I spent a significant portion of my youth helping my father work on cars in our backyard garage. My role was to hold the flashlight and fetch tools and parts when asked. In our shop, searching for stuff represented about 90% of the overall man-hours, so I knew I was engaged in vital work - the primary task at hand. That's why it makes me happy to know the Space Shuttle Atlantis is delivering a motherlode of spare parts to the International Space Station.
I hope they remembered to label everything. Space is big, and it's hard enough to find that spare fuel pump when you don't have an inconceivably vast emptiness to search through.

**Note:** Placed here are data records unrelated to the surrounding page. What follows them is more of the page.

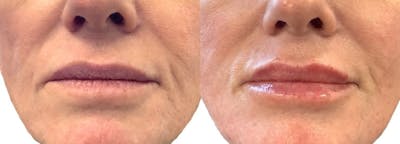 Lip Filler Before & After Gallery - Patient 133864 - Image 1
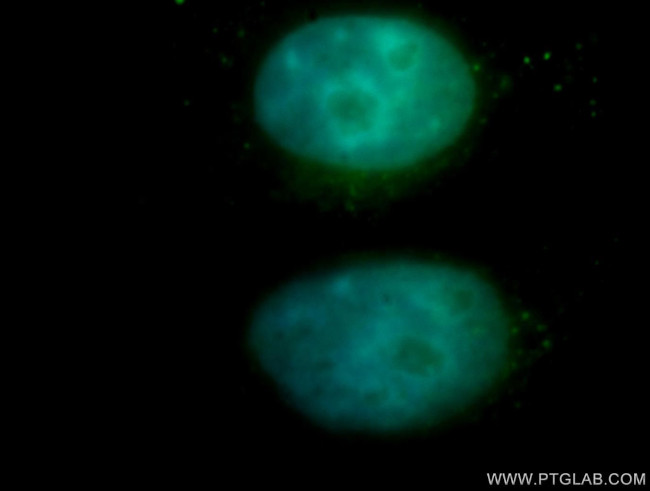 NFE2 Antibody in Immunocytochemistry (ICC/IF)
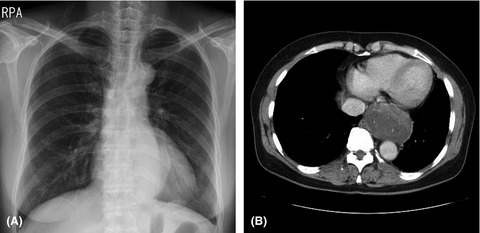 Benign posterior mediastinal schwannoma—Multiple diagnostic imaging modalities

Speaking of the bigness of space - one of the many quick ways to see a chunk of money float away forever is to spend it "naming" a star for a loved one. The International Astronomical Union and plain common sense will caution you against this. Scientists identify stars by number and you can't purchase legitimate naming rights for anything in the night sky.
That doesn't stop people from trying to sell you the opportunity, though.
And there are billions of stars out there - in fact there are more genuine stars in the sky than there have ever been in the ranks of TV and movie stars here on Earth, which is saying something because we have a plethora of stars raging around New York and Hollywood at the moment - people you have never heard of and yet, rumor has it, they're extremely famous. Perhaps if we numbered them it would be easier to keep track.
Of course when it comes to our own private use, we can call the stars and the planets whatever we want. Name the moon after your favorite relative to make it seem less foreboding, or because you recognize something in the way it shows up fully lit at least once a month. Just don't expect anyone else to follow suit. Hearing that scientists have discovered water on Uncle Fred would be just plain weird.
How good are you at correctly identifying stars, planets and constellations in the night sky? Do you know what you're doing, or do you improvise, like me?
I've decided to re-name Saturn's moon, Tethys.
I'm calling it "Kirk Douglas". I think it fits.